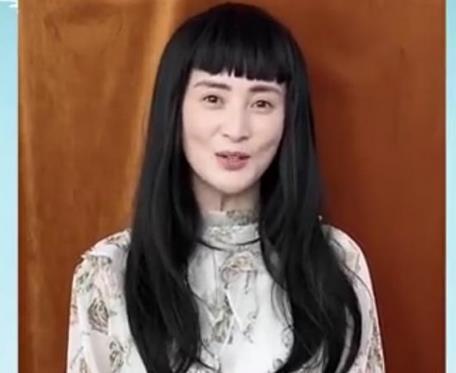 戴假发视频,跟随视频探索时尚与改变的奥秘
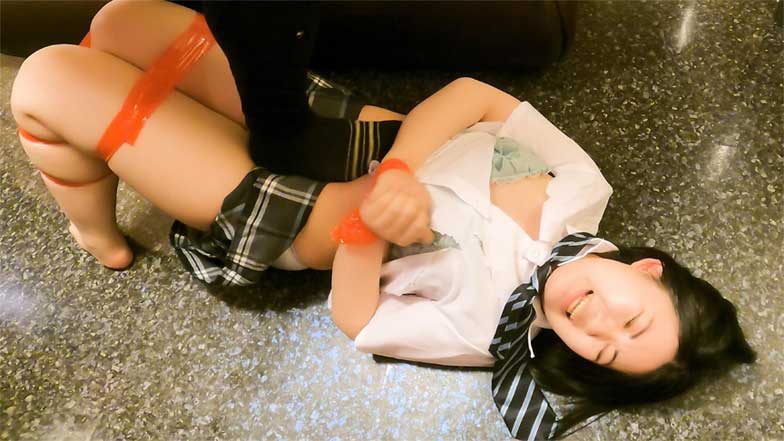 愛嬌のあるおっとり系女子に腹パンチ！Fカップおっぱいと巨尻も激しく叩きまくる！
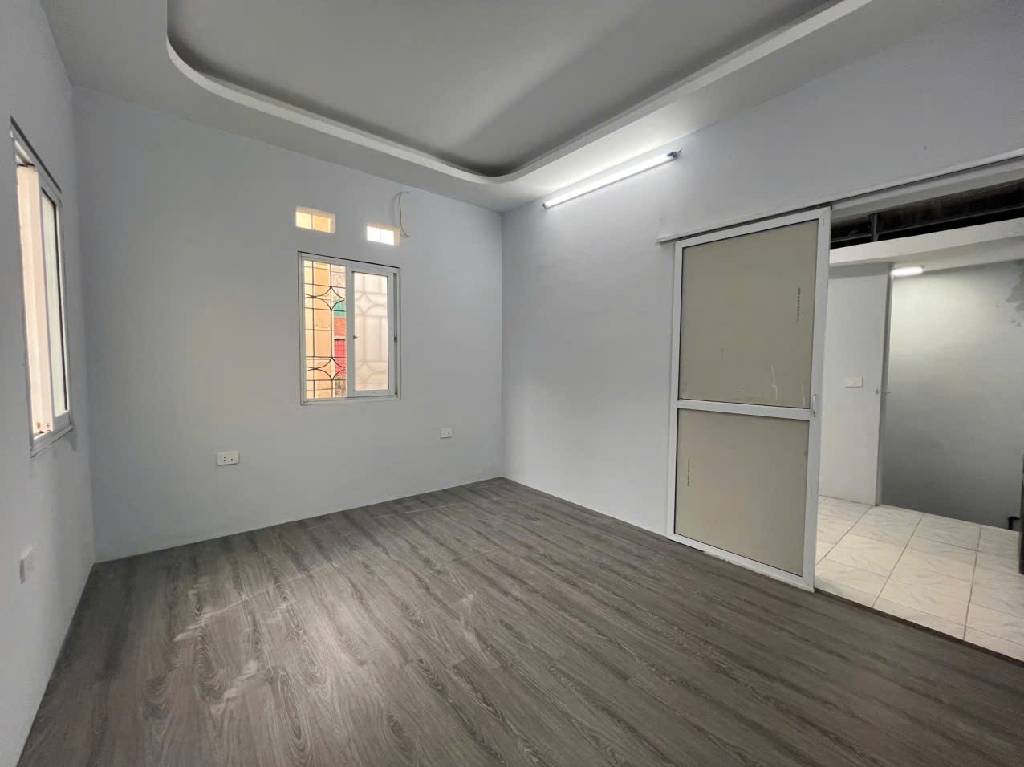 Bán nhà Bạch Mai - 23.6m2 4 tầng - mặt tiền 6m - lô góc 3 mặt thoáng, kinh doanh buôn bán - giá 7,95 tỷ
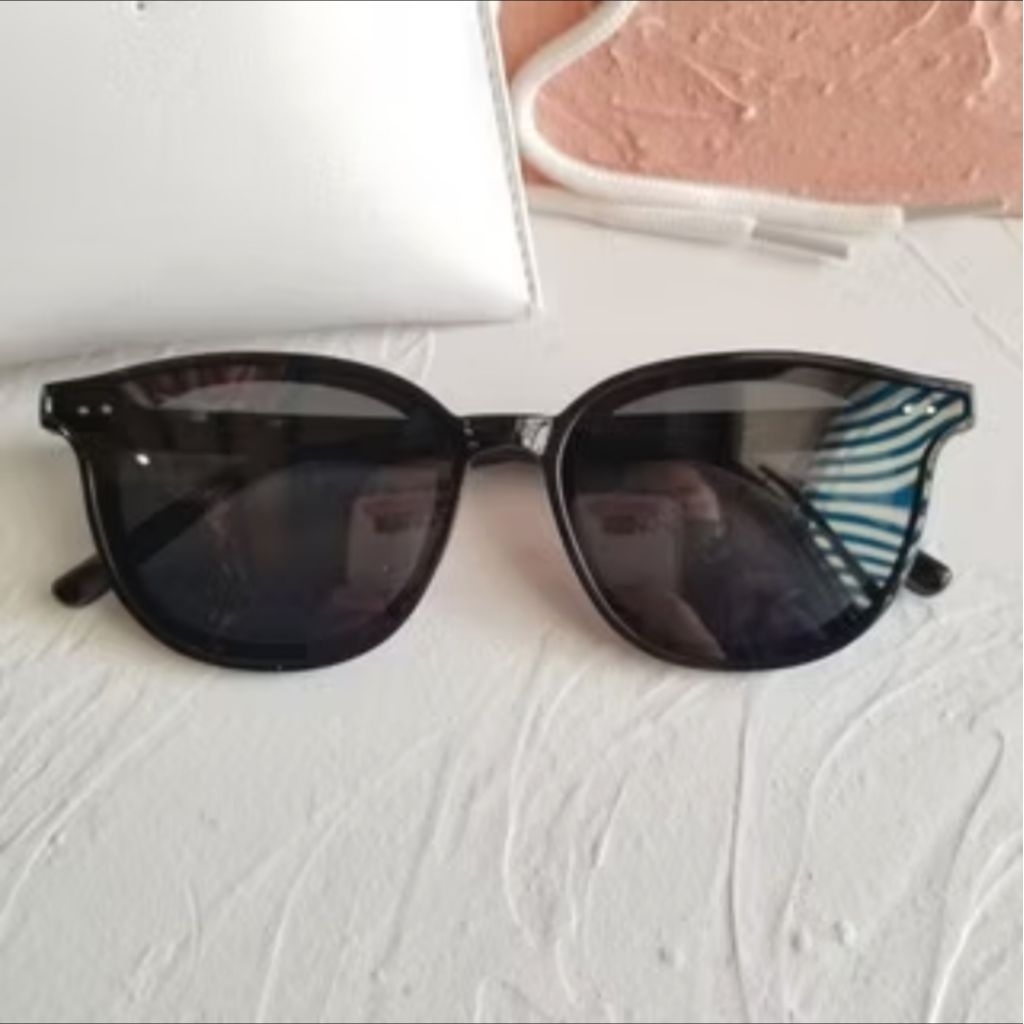 kacamata Hitam Wanita Keren Pas Diwajah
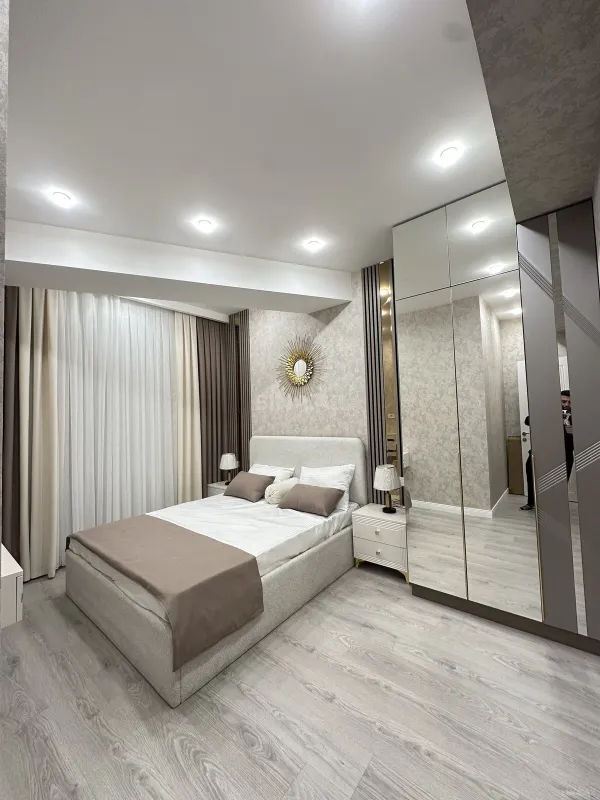 Satılır 2 otaqlı mənzil 61 m²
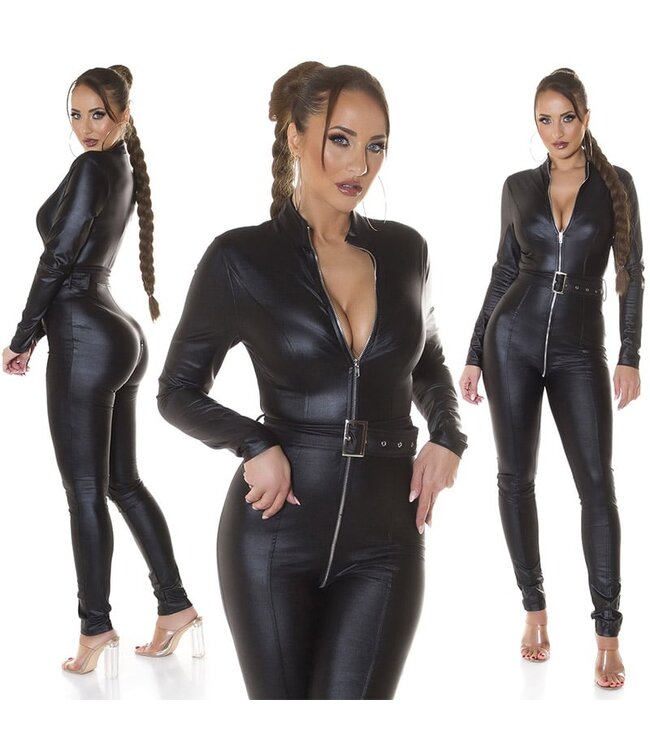 Sexy leatherlook jumpsuit met doorlopende rits en riem - zwart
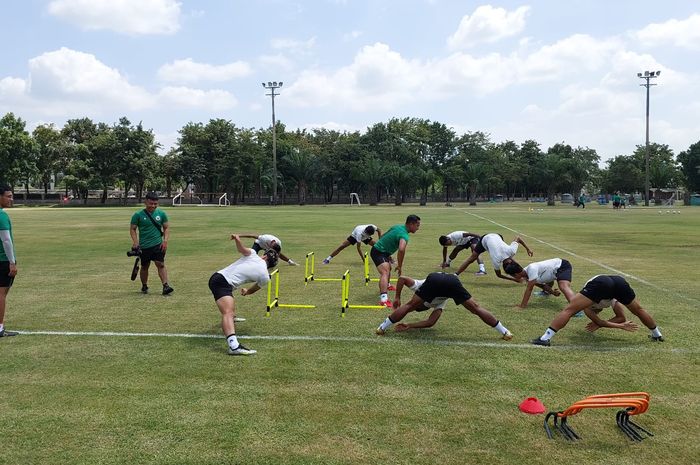 Timnas U-23 Indonesia menjalani latihan di Lapangan Academy PTT Rayong pada Sabtu (19/8/2023).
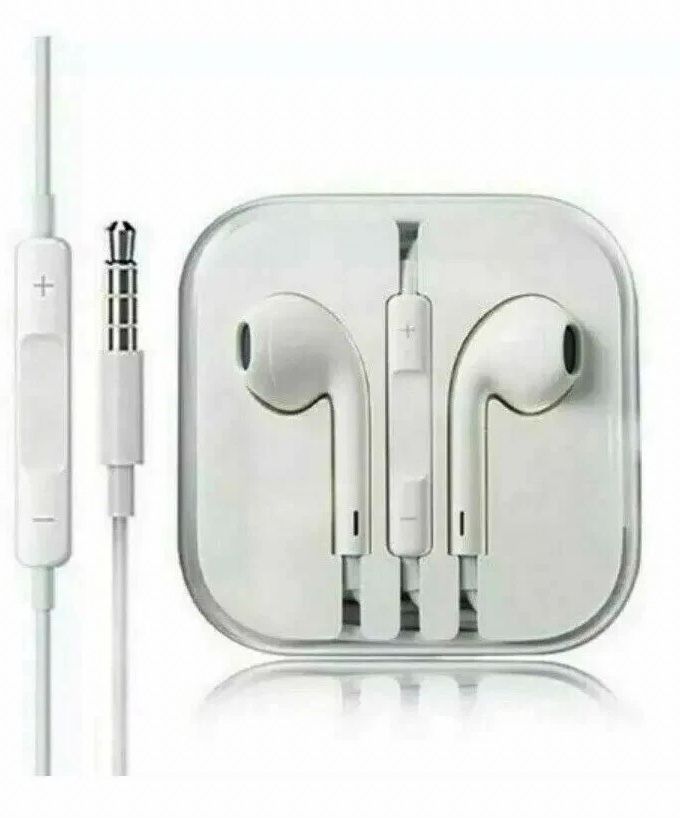 iPhone Earbuds 2 Pack Brand New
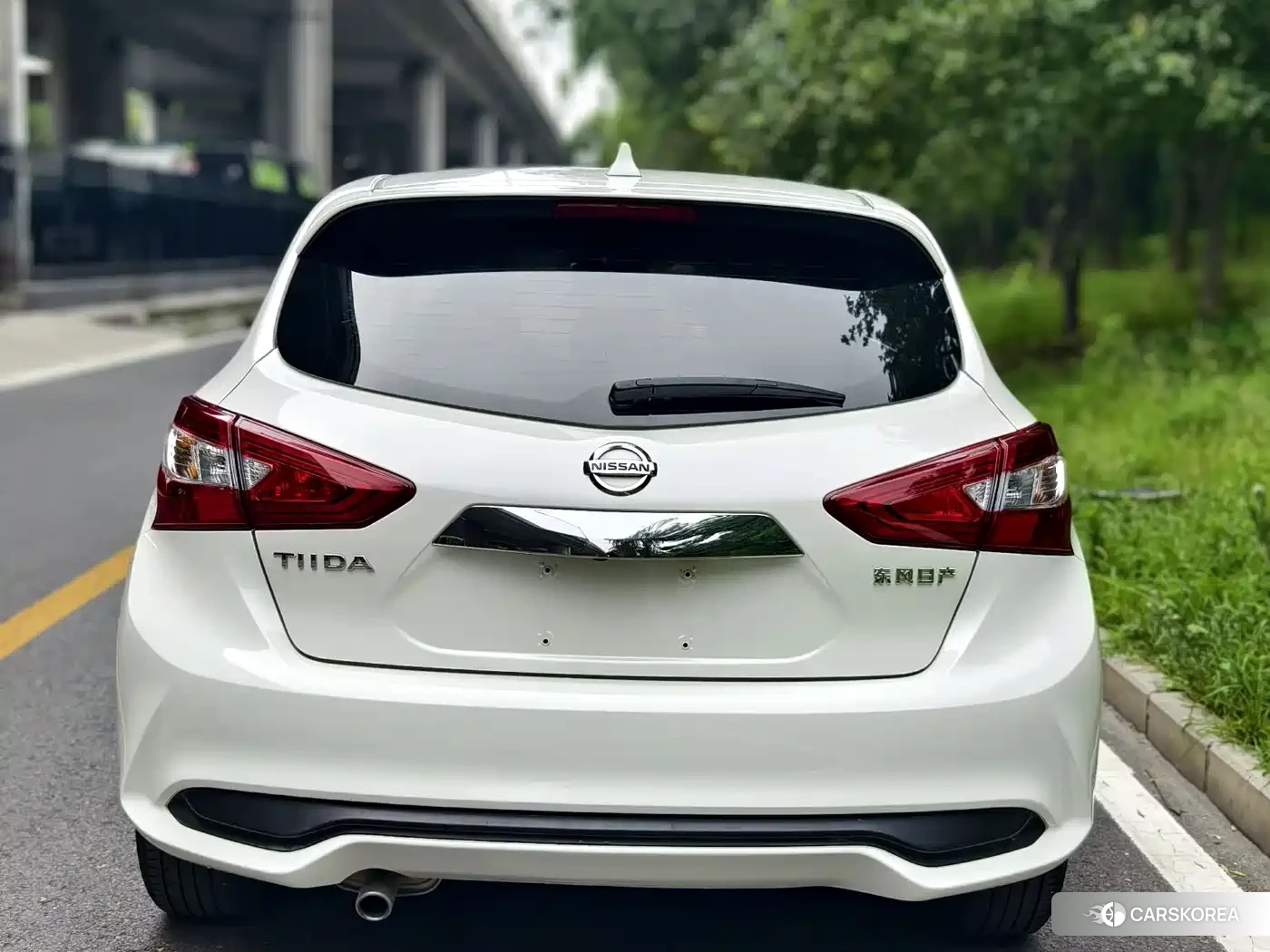 Nissan Tiida id 4570675 из Китая 9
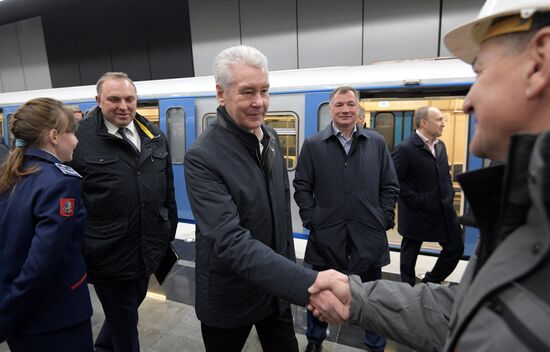 Opening of Minskaya, Lomonosovsky Prospekt and Ramenki metro stations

----

### Exercise description
With the pictures left out, copy exactly the lines from the one containing "iPhone Earbuds 2 Pack Brand New" through the last line of the data.

### Solution to the exercise
 iPhone Earbuds 2 Pack Brand New
 Nissan Tiida id 4570675 из Китая 9
 Opening of Minskaya, Lomonosovsky Prospekt and Ramenki metro stations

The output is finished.